I went and discussed my options with an attorney. And basically it boils down to.. I want a quick easy smooth divorce. I want to be able to get my own apartment not far from where we are now, so that my kids can still attend their same schools, and they can still see their father without much hassle and as much as he or they want. 

My kids will be leaving tomorrow to spend some time with their grandparents for the weekend. So i figure this will be a good time to get the ball rolling. 

My question is.. How can I bring this up without him feeling like he needs to defend himself? Or without feeling like I blame him for EVERYTHING thats wrong? I admit the majority of them are his fault.. but I know I am partly to blame for holding it all in for so long. I could really use some pointers on how to get us to both keep our cool for this conversation??!!


----------



## D8zed (Mar 12, 2009)

You need to focus on what YOU want and need. Don't play the blame game at all. The water under the bridge is just that - water under the bridge. Keep the discussion on YOU.


----------



## Sufficiently Breathless (May 18, 2009)

lol.. I'm not a drinker, and I feel like i need a drink for this conversation.. 

I just want us to be able to be stable parents to our kids even after its all over.. is that so much to ask? I want this to be as little of an event as possible.. smooth and over.


----------



## sisters359 (Apr 9, 2009)

Lots of "I" statements, "I need to move on. . . " Write them out and be sure to practice. Also, be sure to start with something about the kids, "I want us to be friends for the sake of our kids. . . " You do need to explain in one or two brief sentences, the basic reason(s) even if you have told him, or even if he "should" know, but keep to the "contract" (I expected x, it didn't happen, and as I said before, If X didn't happen, I would leave). Then finish with something positive again--bury the bad stuff in the middle, so to speak, what we call an "oreo comment," possitive cookies on the outside, soft "criticism" in the middle.

Good luck.


----------



## Claire (May 1, 2009)

Ok, my turn to TRY to give you advice.. I think you know we have similar situations, and while he isn't an alcoholic.. the main crux of the issues in my situation are that HE IS the main problem... like you , yes, I take some of the blame.. but HE is the one that had an affair, HE is the one that never tried to make real amends and so on.

So when the opportunity came to have the conversation about how unhappy I was I did not hold back (except telling him he makes me cringe!).. but Did tell him, that I was unhappy, that I felt I had done more than my fair share to make things better and saw little or no evidence of him ever willing to change to make things better... and that he KNOWS i have begged him to be different and that I was tired of begging, and worn down and frankly didn't know if it was to the point of no return.

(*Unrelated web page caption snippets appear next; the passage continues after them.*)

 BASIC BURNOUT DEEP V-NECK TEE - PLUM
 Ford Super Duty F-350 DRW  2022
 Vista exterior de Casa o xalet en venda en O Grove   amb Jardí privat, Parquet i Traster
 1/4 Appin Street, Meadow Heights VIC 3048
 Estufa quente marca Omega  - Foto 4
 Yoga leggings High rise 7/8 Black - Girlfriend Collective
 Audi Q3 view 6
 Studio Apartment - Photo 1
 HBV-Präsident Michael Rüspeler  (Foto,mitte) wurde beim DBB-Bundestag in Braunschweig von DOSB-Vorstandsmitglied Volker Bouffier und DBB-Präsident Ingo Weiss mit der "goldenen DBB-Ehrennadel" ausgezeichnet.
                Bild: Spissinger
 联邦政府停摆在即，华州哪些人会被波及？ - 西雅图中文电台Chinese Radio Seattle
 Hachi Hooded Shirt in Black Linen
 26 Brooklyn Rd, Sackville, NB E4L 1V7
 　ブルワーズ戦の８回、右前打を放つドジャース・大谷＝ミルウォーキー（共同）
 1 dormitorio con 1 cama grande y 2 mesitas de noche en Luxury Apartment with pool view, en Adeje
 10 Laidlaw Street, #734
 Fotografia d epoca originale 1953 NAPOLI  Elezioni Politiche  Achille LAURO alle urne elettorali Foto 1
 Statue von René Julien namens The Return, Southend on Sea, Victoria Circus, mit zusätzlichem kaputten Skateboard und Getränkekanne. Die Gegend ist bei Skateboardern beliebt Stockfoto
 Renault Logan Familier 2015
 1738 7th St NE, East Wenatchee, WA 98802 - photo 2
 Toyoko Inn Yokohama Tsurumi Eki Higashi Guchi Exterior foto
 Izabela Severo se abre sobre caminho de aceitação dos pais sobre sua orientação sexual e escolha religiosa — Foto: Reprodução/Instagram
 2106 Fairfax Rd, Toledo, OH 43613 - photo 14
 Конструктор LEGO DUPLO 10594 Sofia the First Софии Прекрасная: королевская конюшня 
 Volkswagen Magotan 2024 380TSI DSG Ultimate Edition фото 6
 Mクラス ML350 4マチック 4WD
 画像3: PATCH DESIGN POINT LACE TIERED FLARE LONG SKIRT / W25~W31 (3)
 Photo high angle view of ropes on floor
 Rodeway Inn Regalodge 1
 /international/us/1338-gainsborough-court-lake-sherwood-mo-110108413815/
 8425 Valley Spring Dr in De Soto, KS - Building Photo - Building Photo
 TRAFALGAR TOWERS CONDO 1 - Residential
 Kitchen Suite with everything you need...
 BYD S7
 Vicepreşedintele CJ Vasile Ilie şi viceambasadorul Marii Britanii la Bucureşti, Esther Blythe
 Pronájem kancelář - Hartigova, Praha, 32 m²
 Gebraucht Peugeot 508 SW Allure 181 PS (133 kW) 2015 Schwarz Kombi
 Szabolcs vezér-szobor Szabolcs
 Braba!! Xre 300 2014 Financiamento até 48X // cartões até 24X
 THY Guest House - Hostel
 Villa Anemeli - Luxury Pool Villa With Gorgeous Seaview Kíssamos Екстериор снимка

I was also quick to point out, the things that were positive about him.. such as being a great father... so it wasn't all a total tear down on him.. I also made a point to say I was not faultless, I also made a point to say that no matter which direction we went as married or not, that my main goal was to stay friends for the sake of our children..that I didn't want things to ever get so ugly that we couldn't get along and celebrate things like birthdays etc with our children.. FOR THEM as well as our sakes. 

He asked me at that point if I wanted him to move out and I said no not yet b/c I was so shocked that we were having this conversation... even though I had been thinking it for quite a while.. the conversation itself sort of got sprung on me.


Now, I haven't spoken with an attorney yet, but my mother, who divorced my father while my brother was still in the house.. has told me under no circumstances am "I" to leave the house. If anyone does any moving it needs to be him. I'm not sure what your attorney has advised you but make sure you check with him on how the laws are written and do everything by the book... the reason I say this.. my father was an abusive drunk and the night she left he was in one of his abusive rages and kicking her out the back door, told her to leave and not come back... and she did... now, she didn't LEAVE US.. I was 18 at the time, and my brother was 14. She left and got a hotel to be safe from him really... in all the abusive years he had been to her, he had never directed that anger and me or my brother, so it wasn't an issue that she was leaving him in charge of kids or anything.. but my father... clever ass that he is.. managed to TWIST it all around, and say that SHE left ..he didn't want her to and guess what... HE got EVERYTHING and she had to PAY HIM for a while ... can you believe that crap.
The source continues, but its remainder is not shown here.